A. interest paid per payment
B. principal paid per payment
C. the outstanding loan balance
D. both A and C
9. The present value of a perpetuity decreases when the _______ decreases.
A. number of investment periods C. perpetuity payment
B. annual discount rate D. both B and C

10. Which of the following provides the greatest annual interest?


A. 10% compounded annually C. 9% compounded quarterly
B. 9.5% compounded monthly D. 8.5% compounded daily

11. At 8% compounded annually, how long will it take $750 to double?

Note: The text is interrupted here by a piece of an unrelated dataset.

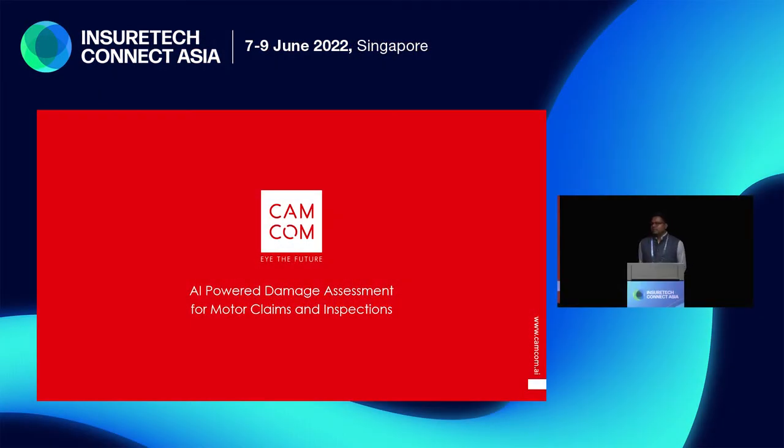My name is Mahesh Subramanian and I'm one of the founders at Camcom.ai. Camcom is a startup based out of India. We are an AI platform for defect and damage assessment.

A. 6.5 years B. 48 months C. 9 years D. 12 years

12. At what rate must $400 be compounded annually for it to grow to $716.40 in 10 years?
A. 6% B. 5% C. 7% D. 8%

13. You wish to borrow $2,000 to be repaid in 12 monthly installments of $189.12. The annual
interest rate is:
A. 24%. B. 8%. C. 18%. D. 12%.

14. If you have $20,000 in an account earning 8% annually, what constant amount could you
withdraw each year for five years?
A. $3,525.62 B. $5,008.76 C. $3,408.88 D. $2,465.78

15. If you invest $750 every six months at 8% per year compounded semi-annually, how much
would you accumulate at the end of 10 years?
A. $10,065 B. $10,193 C. $22,334 D. $21,731

16. You have just purchased a share of preferred stock for $50.00. The preferred stock pays an
annual dividend of $5.50 per share forever. What is the rate of return on your investment?
A. .055 B. .010 C. .110 D. .220

17. If you place $50 in a savings account with an interest rate of 7% per year compounded
weekly, what will the investment be worth at the end of five years (round to the nearest
dollar)?
A. $72 B. $70 C. $71 D. $57

18. What is the present value of $300 received at the beginning of each year for five years?
Assume that the first payment is not received until the beginning of the third year (thus the
last payment is received at the beginning of the seventh year). Use a 10% discount rate,
and round your answer to the nearest $100.
A. $1,100 B. $1,000 C. $900 D. $1,200

19. You are going to pay $800 into an account at the beginning of each of 20 years. The
account will then be left to compound for an additional 20 years. At the end of the 41st
year you will begin receiving a perpetuity from the account. If the account pays 14%, how
much will you receive each year from the perpetuity (round to nearest $1,000)?
A. $140,000 B. $150,000 C. $160,000 D. $170,000

20. What is the present value of an investment that pays $400 at the end of three years and
$700 at the end of 10 years if the discount rate is 5%?